Sin is fun. And Christians shouldn’t be so naive about it. Many aspects of ‘the sinner’s life’ are a rush, fun and exciting. That’s why people do it! People start using drugs because they get a rush. People get drunk because it’s fun. People have affairs because it’s exciting. But there is a catch – it’s only for a season. It will not last.

I have no doubt Amnon was having a rush when he ‘lay’ with Tamar but as soon as it was over he hated it. Everything he wanted, the passion of his heart, gave him no fulfilment. The opposite occurred. Amnon’s experience is the same as so many, and not just from a sexual encounter either. I’ve heard people who ‘did drugs’ say the same thing. It’s a universal principle – sin is fun, but only for a season

What I find most interesting in this story is Tamar’s response to Amnon after he throws her out, ‘…this wrong in sending me away is greater than the other you have done to me!’ What did she mean by that statement? I believe it was all to do with owning up. In other words, ‘The fact that you won’t take responsibility for what you’ve just done is worse than the fact you raped me’. She was the evidence of his sin now and he refused to take responsibility.

What Tamar was searching for from Amnon was the same thing God was looking for in the garden after Adam and Eve sinned – ownership. God asked the question, ‘Have you eaten from the tree of which I commanded you not to?’ He didn’t ask this because He wanted to know; He had watched them do it! He wanted to see if they would take responsibility, which was now a bigger issue than the sin itself.

Two years later Amnon is at a party, and as his passion demands, he’s having fun. He must have thought all was forgotten but unknown to him, the process of sin and death was just about to complete its course. He was ‘merry with wine’ when payday unexpectedly arrived. His sin finally took responsibility for him. Here another principle emerges regarding sin – own it before it owns you.

It’s important that we take notice of the process and principles this story reveals. It all starts with a single thought. Untamed thoughts develop into sinful passions which are closely followed by sinful actions. Sin plays for keeps and always ends in death (physical and/or spiritual).
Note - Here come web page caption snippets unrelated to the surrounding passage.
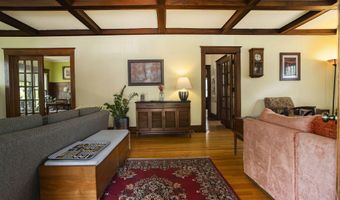 410 Elizabeth St, Albion, MI 49224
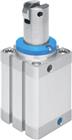 Festo Pneumatic cylinder | 576166
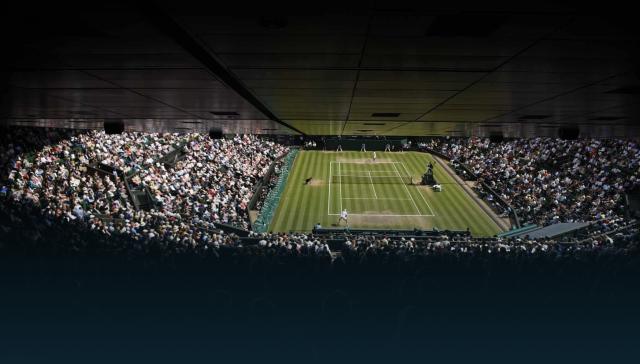 星空体育官网-ATP发声明谴责温网：禁止俄、白俄选手参赛有失公平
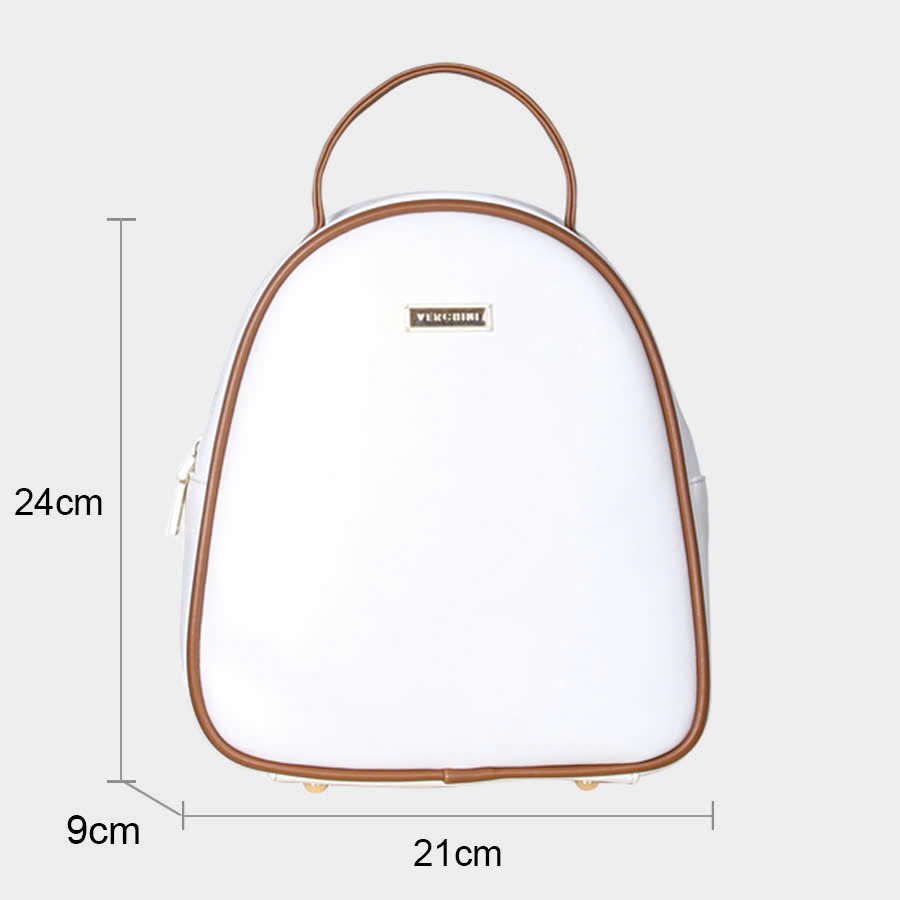 VERCHINI - Balo thời trang BLV003
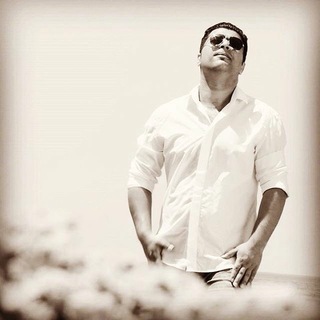 Edris Sorouri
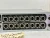 Meyer Sound Galileo 616 Callisto Loudspeaker Management System Processor #7107PG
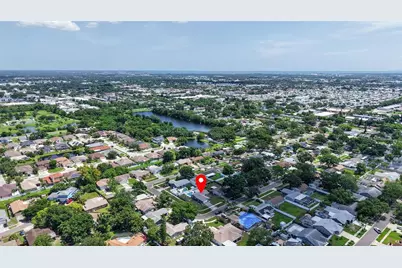 8153 Candlewoode Drive, Largo, FL 33773 - Photo 45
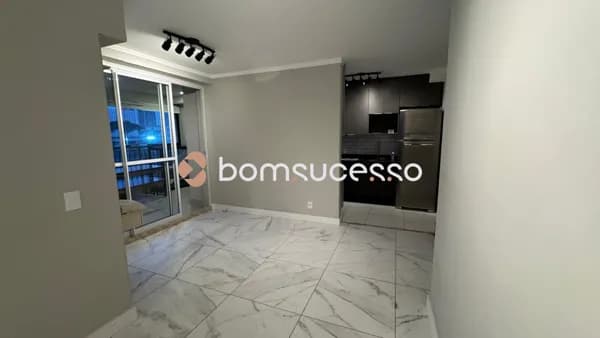 Apartamento com 2 dormitórios à venda, 67 m² por R$ 889.000,00 - Rua São Felipe - São Paulo/SP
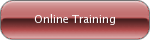 Online Training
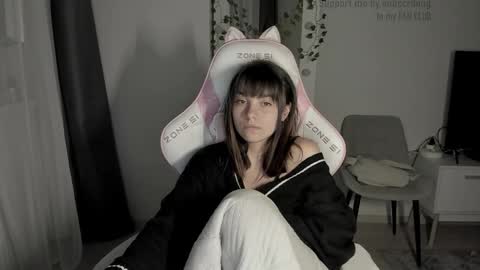 kesh_mne online show from September 10, 6:20 pm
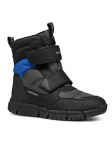 GEOX Talvesaapad Amphibiox J169XC-C0071/36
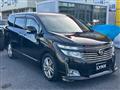 2010 Nissan Elgrand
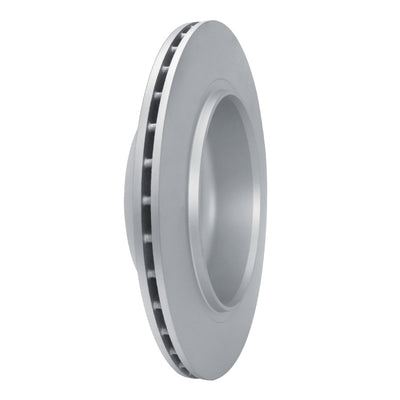 DFC 20-25 Jeep Gladiator Front & Rear Geospec Rotors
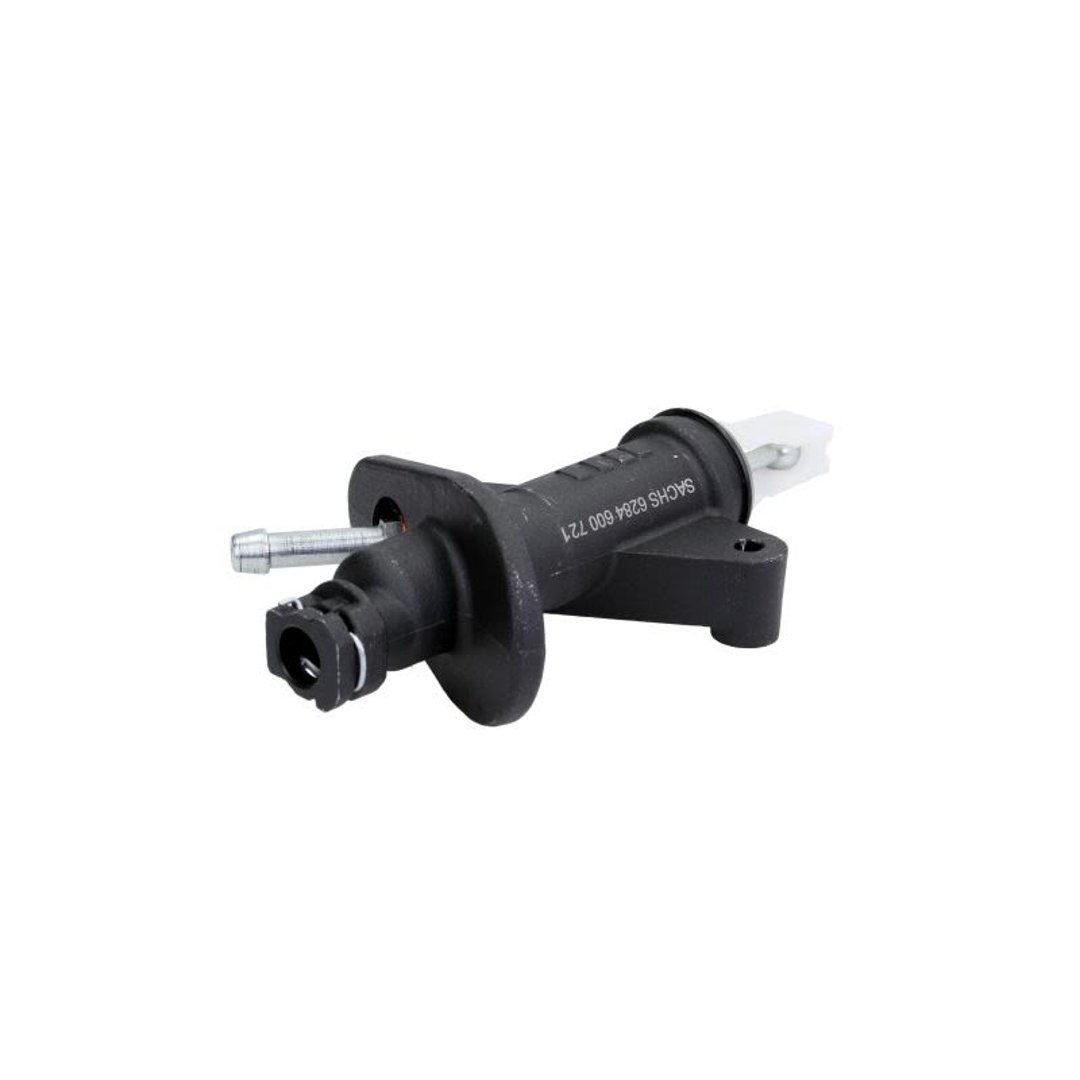 SACHS Pompa sprzęgła 6284 605 023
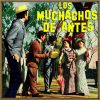 Download track Tiempos Viejos
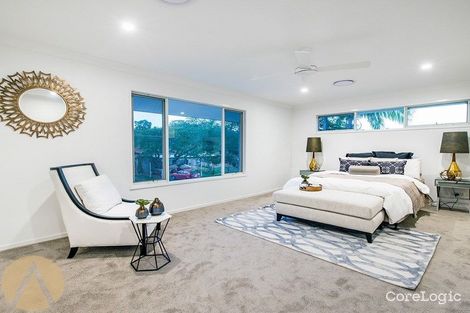 Property photo of 18 Alconah Street Sunnybank QLD 4109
The human race is in a hopeless situation as the process of sin and death is irreversible. But God, Who is rich in mercy, has intervened. Jesus completed the process on our behalf by dying on the cross. The wondrous cross of Christ broke the power of sin and death both physically and spiritually. The complete victory of the cross has been forwarded on to us with one condition – we must own up. We must humbly confess our sin and repent. God cannot resist humble people and He always forgives those who turn from their sinful ways.